* TASK DETAILS: Without the pictures, copy all of the data exactly.

* RECORDS SHOWN:
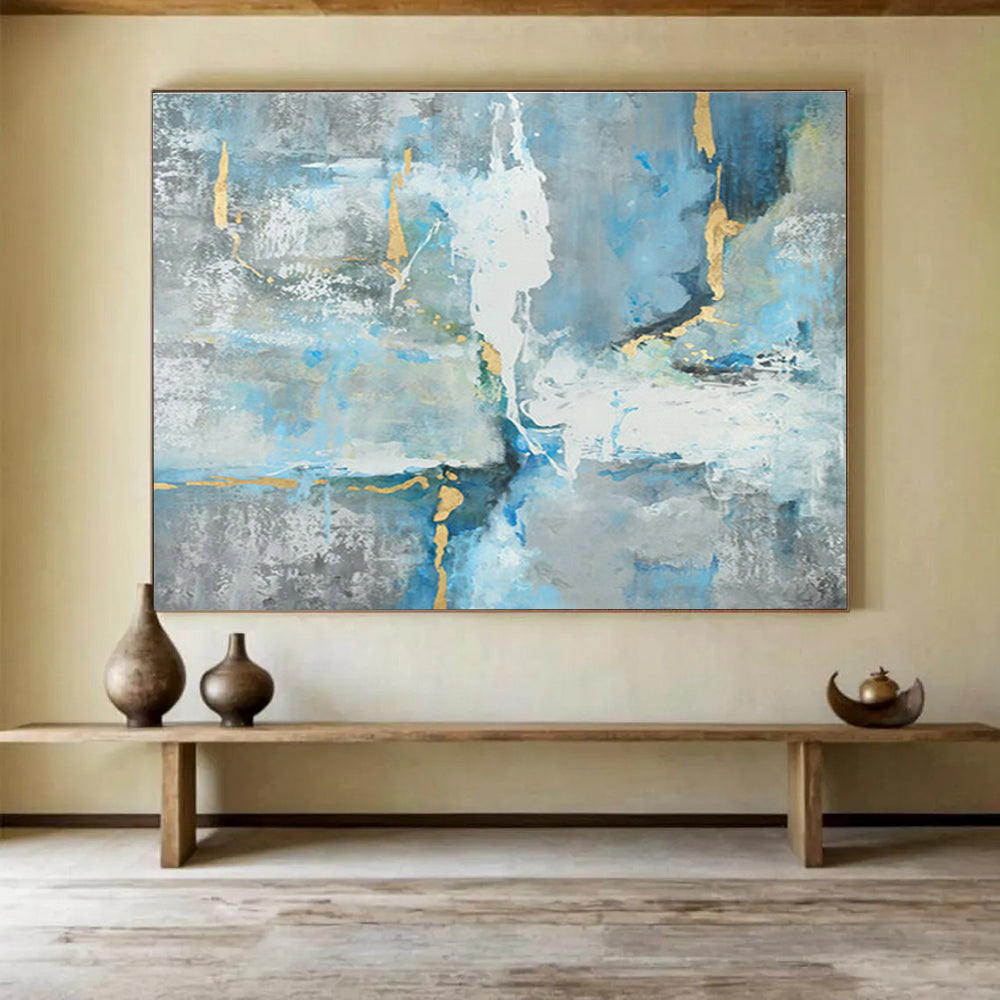 Large Custom Abstract Hand-Painted Art for Underwater Earthquake Early Warning System Research Station DLZ3140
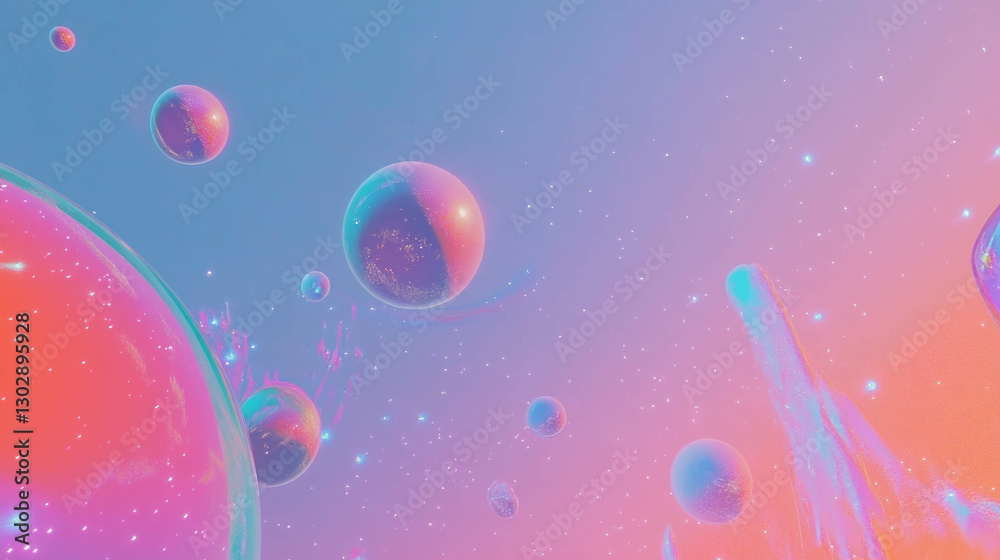Fototapeta premium Dreamy celestial background with abstract floating bodies for cosmic design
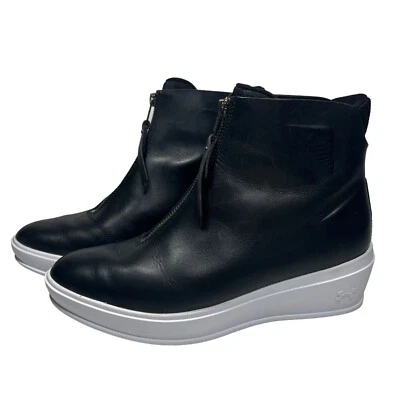 Under Armour Bootie UAS Elevado Médio Cunha Tornozelo Roupa Esportiva Zíper Frontal Couro 8.5 - Imagem 1 de 4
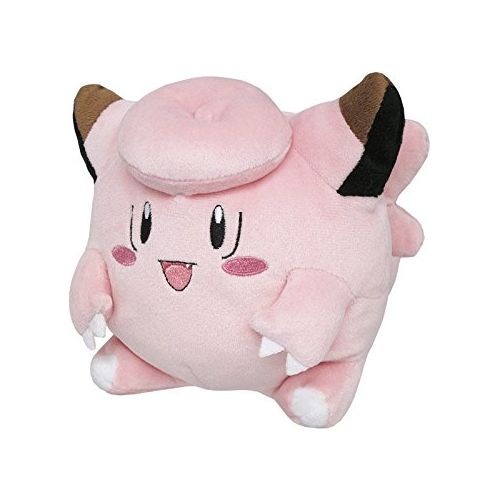 Clefairy is a bipedal, pink Pokémon with a chubby, vaguely star-shaped body. A small, pointed tooth protrudes from the upper left corner of its mouth. It has wrinkles beside its black, oval eyes, dark pink, oval markings on its cheeks, two small wings, and large, pointed ears with brown tips. A tuft of fur curls over its forehead, much like its large, upward-curling tail. Each stocky arm has two small claws and a thumb on each hand, and each of its feet has a single toenail.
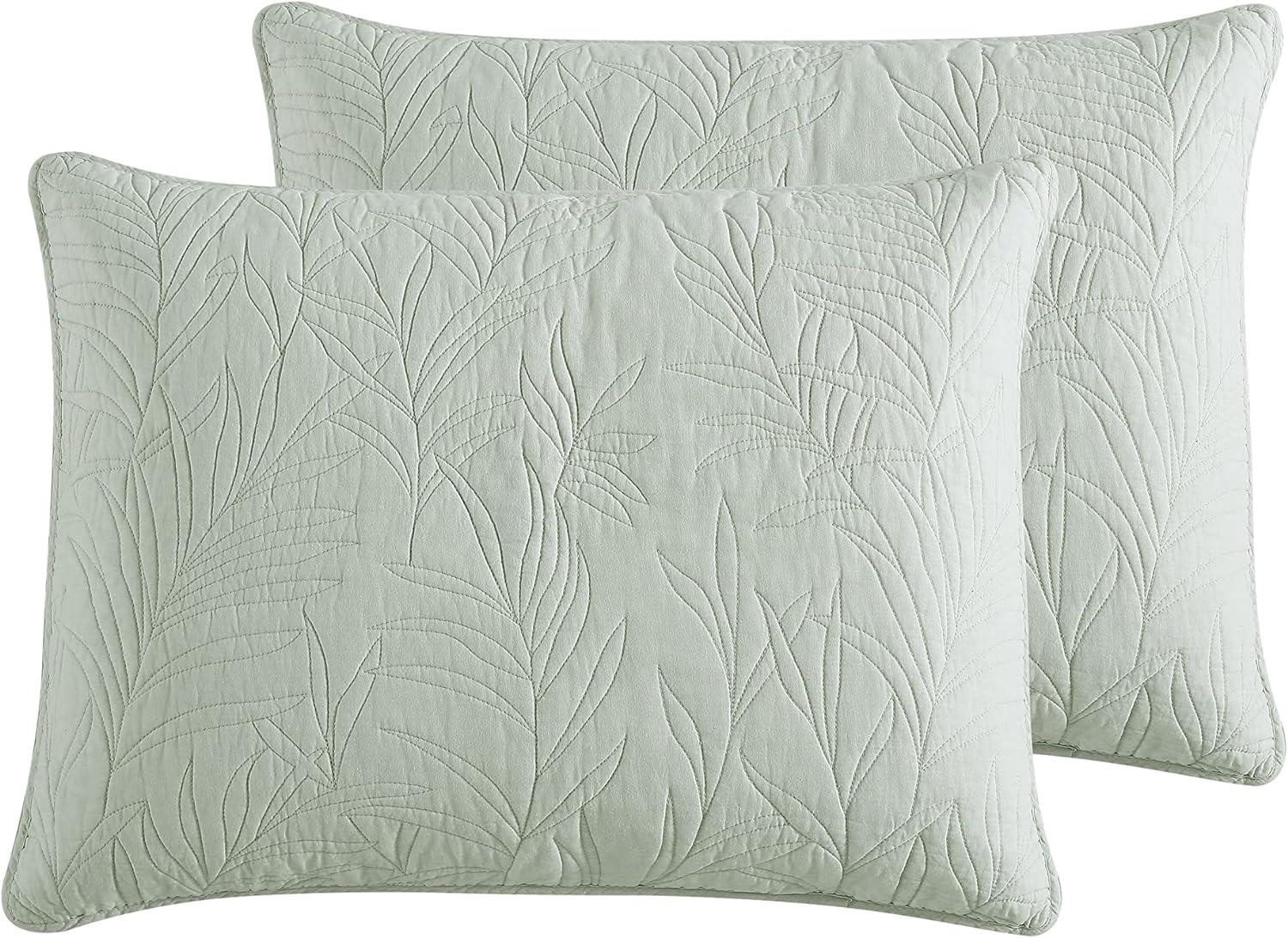 Costa Sera Sage Green Cotton Standard Shams, Set of 2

* SOLUTION FOR THIS EXERCISE:
 Large Custom Abstract Hand-Painted Art for Underwater Earthquake Early Warning System Research Station DLZ3140
Fototapeta premium Dreamy celestial background with abstract floating bodies for cosmic design
 Under Armour Bootie UAS Elevado Médio Cunha Tornozelo Roupa Esportiva Zíper Frontal Couro 8.5 - Imagem 1 de 4
 Clefairy is a bipedal, pink Pokémon with a chubby, vaguely star-shaped body. A small, pointed tooth protrudes from the upper left corner of its mouth. It has wrinkles beside its black, oval eyes, dark pink, oval markings on its cheeks, two small wings, and large, pointed ears with brown tips. A tuft of fur curls over its forehead, much like its large, upward-curling tail. Each stocky arm has two small claws and a thumb on each hand, and each of its feet has a single toenail.
 Costa Sera Sage Green Cotton Standard Shams, Set of 2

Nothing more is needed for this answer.